作州人四十
◎人と食を通してハピネスを
株式会社「guriko」代表取締役 礒貝翔さん
▽前文
今回の「ザ作州人」には、あるときはイタリアンシェフ、またあるときは人気ラーメン店のオーナーの顔を持つ株式会社「guriko」代表取締役の礒貝翔さん(37)に登場願った。志の高さと視野の広さは料理人の域を超え、いまや時代を読む青年実業家。コロナ禍を耐え、その先をしっかりと見据えていた。
▽本文
岡山県庁近くにある麺処「ぐり虎」本店をのぞくと、若い女性客でにぎわっていた。1番人気は透明スープの鶏塩ラーメン。あっさりしていながらコクもあると評判だ。
「岡山で一番おいしいラーメンを目指して来ました。いまは日本一になろう、と頑張っています」
なるほど、一品一品は礒貝さんが生産者と協力し、全国から食材を厳選して完成させたもの。店舗は岡山市内をはじめ、神奈川県海老名市のラーメンストリートでも展開している。
その磯貝さんがこだわるのは味だけではない。業界の職場環境にも目を向ける。
「いままでは15時間ぐらい働くのが当たり前でした。でも、それではダメ。体を壊すか、辞めてしまう。長時間労働をなくし、給与などの待遇を良くしたい」
そのため、セントラルキッチンにし、スープを1カ所でつくるなど、一連の流れを見直し、合理化をはかった。力を入れるフランチャイズ事業にも「お店も従業員も長くお店を続けてもらいたい。共存共栄が大切」と話す。
そんな考えが生まれたのも数々の「ラーメン博」に参加。井の中の蛙にならず、全国を飛び回り、交流を広げたからだろう。本人も「情報の収集や人脈作りにもつながっています」とうなずいた。
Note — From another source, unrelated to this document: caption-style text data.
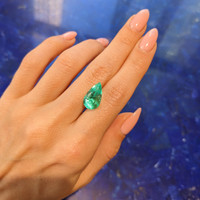 5.82 Ct. Emerald from Colombia Life Style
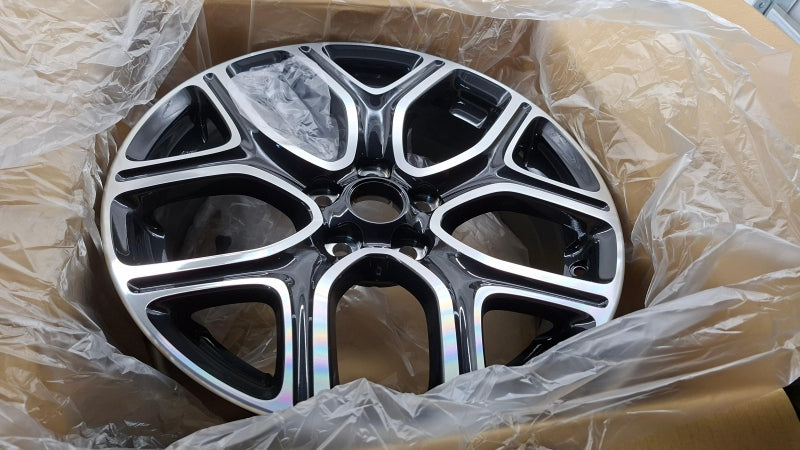 MITSUBISHI Wheel Disc 4250D458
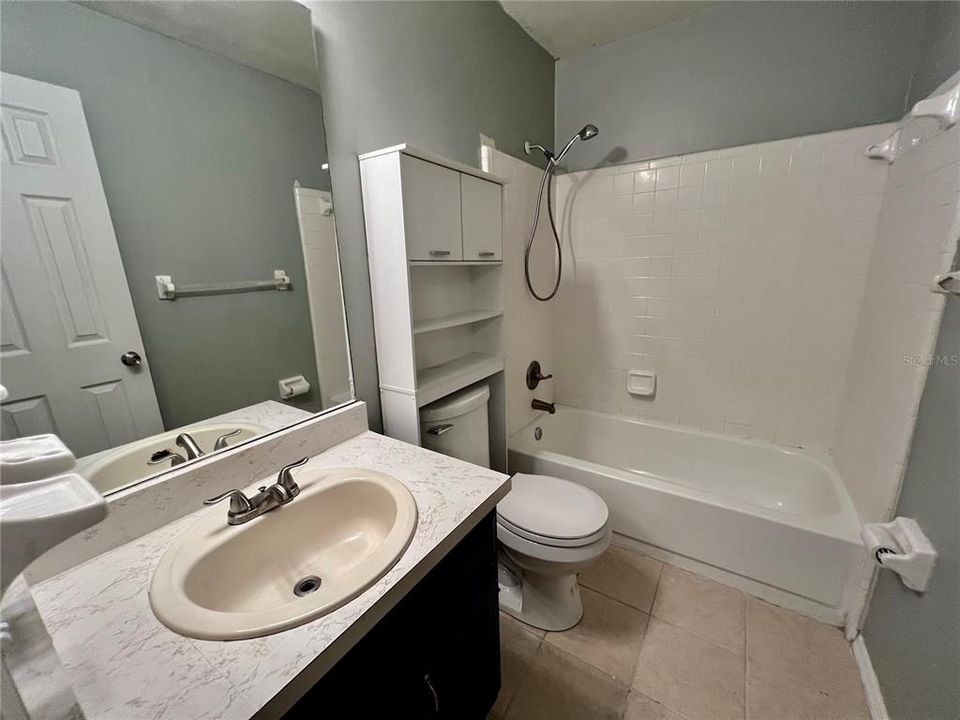 最近售出: $135,000 (2 贝兹, 2 浴室, 1070 平方英尺)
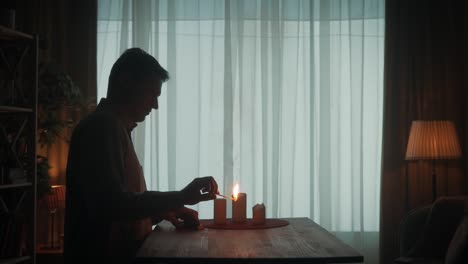 romantic candlelit dinner for two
津山市生まれ。実家は山下で喫茶店「プティポワ」を営んでいる。中学校時代は体が小さく、ジョッキーを目指した時期もあった。作陽高卒業後は「食べることが好きだった」ことから新宿調理師専門学校へ。その後は西麻布などの都内のイタリアンで修業を積んだ。
当時の料理人の下積みといえば、理不尽さがまだまかり通っていた時代。ときに「フライパンでガツンとやられた」こともあったそうだが、必死で耐え抜いた。30歳までに津山で店を出すと決めていたからだ。
そのかいあって予定より2年早く、伏見町にイタリア料理店「バル寅」をオープン。そこから「客層の広いラーメンを」との狙いから東京の名店「麺処ほん田」で習い、5年後の2017年に岡山市に「ぐり虎」を開いた。
すると、たちまち評判店に。2020年には、あの岡山版ミシュランプレートに選ばれた。ご存じの通り、ミシュランガイドといえば、飲食店、レストラン、ホテルなどを紹介する世界一有名な格付け本。その解説部分には「特製の塩ダレ」を強調し「店主は食材の扱いや技法に西洋料理の経験を生かす」と記されてもいる。
現在は妻子を津山に残して岡山との二重生活。もちろん、津山が占めるウエートは大きい。
「自分の中ではバル寅で料理しているときが一番幸せ。あそこが僕の原点です。これからも会社のモットーである”人と食を通してハピネスをつくろう”を目指して行きたいです」
人と人、地域と地域の架け橋に。礒貝さんはこれからも経営者と料理人のスイッチをうまく使い分け、次なる仕掛けを実行していく。
(山本 智行)
◇礒貝翔(いそがい・しょう)1984年(昭和59年)2月16日生まれの37歳。作陽高卒業後、新宿調理師専門学校へ。都内の有名イタリア料理店で修業後、津山市でトラットリア「バル寅」をオープン。さらに岡山市、神奈川県海老名市にラーメン店「ぐり虎」を開業し人気店に。2020年には岡山版ミシュランプレートに選ばれる。